Next, the analysis unit 113 uses a clustering technique such as Japanese Patent Application Laid-Open No. 2013-148987 to group subsets that are particularly close in terms of the relationship between the program group and the data based on the relationship between each program group and the data. to generate a service component candidate. For example, the analysis unit 113 determines that the greater the number of inputs to each piece of data, the stronger the relationship, and generates service component candidates so that programs and data having a strong relationship are grouped together. The generated results are shown in FIG. FIG. 13 is a diagram for explaining the result of generating service component candidates.

As shown in FIG. 13, the analysis unit 113 analyzes a service component candidate (ID=01) including program group 1 and data X, a service component candidate (ID=02) including program group 10, a program group 20 and data Z and a service component candidate (ID=04) containing program group 3 and data Y are generated. In addition, the analysis unit 113 defines "(01, program group 1), (01, data X), (02, program group 10), (03, Program group 10), (03, data Z), (04, program group 3), (04, data Y), etc. are also generated. After that, the analysis unit 113 outputs the generated service component candidates to other processing units.

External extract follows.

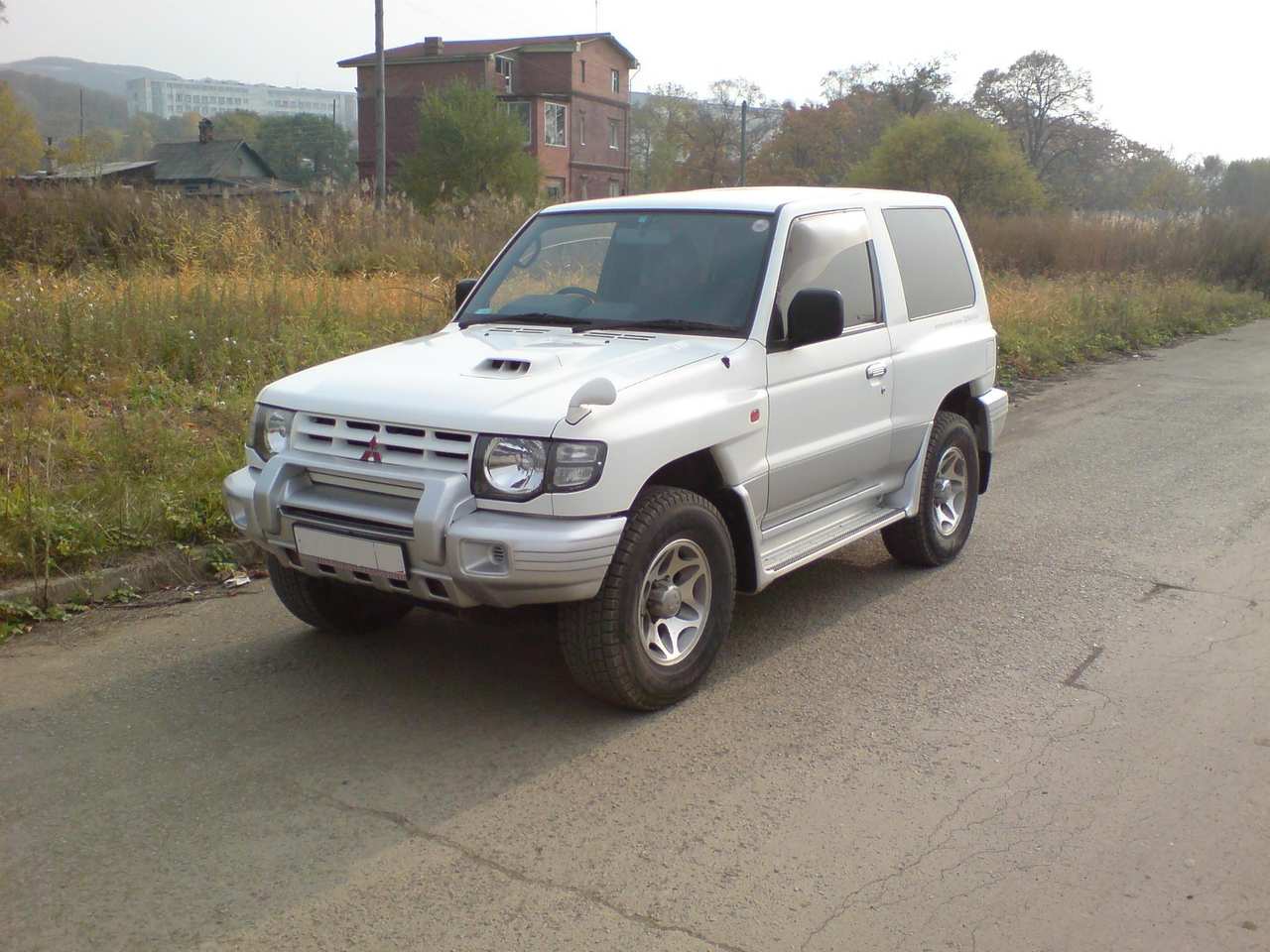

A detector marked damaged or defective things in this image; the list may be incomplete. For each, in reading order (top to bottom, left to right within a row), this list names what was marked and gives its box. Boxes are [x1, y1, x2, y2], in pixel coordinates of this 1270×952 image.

cracked asphalt road [2, 321, 1270, 952]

After that, the analysis unit 113 extracts, as common data, data updated from other service component candidates among the data associated with the plurality of service component candidates, and extracts the common data and the plurality of service component candidates that do not include common data. , is generated as a service component of the program assets. In this embodiment, the case where common data does not exist is exemplified, so the analysis unit 113 stores the information shown in FIG. 13 in the analysis result DB 105 as a result of the classified service components.

Returning to FIG. 5, the presentation unit 114 is a processing unit that outputs the analysis result of the analysis unit 113 to a user or the like. Specifically, the presentation unit 114 obtains the analysis results stored in the analysis result DB 105, and displays the analysis results classified into a plurality of service components. display in a different format than other programs and data.

FIG. 14 is a diagram for explaining analysis results and output examples. As shown in FIG. 14, the presentation unit 114 displays the starting program in a vertically elongated manner, thereby outputting the program in a larger size than the other programs. In addition, the presentation unit 114 displays the programs belonging to each process (each package) in different colors. In addition, the presentation unit 114 changes the color and shape of the program 3 classified as an independent process to update data and the like, thereby outputting the program in a format different from that of other programs. When software map technology or the like is used, the presentation unit 114 can also display the shapes of the originating program and non-overlapping programs by changing the height and color to distinguish them from other programs.

[Process flow]
FIG. 15 is a flowchart showing the overall flow of processing. As shown in FIG. 15, when the analysis apparatus 100 receives an analysis processing start instruction or the like, it analyzes the relationship between the programs in the program assets (S101).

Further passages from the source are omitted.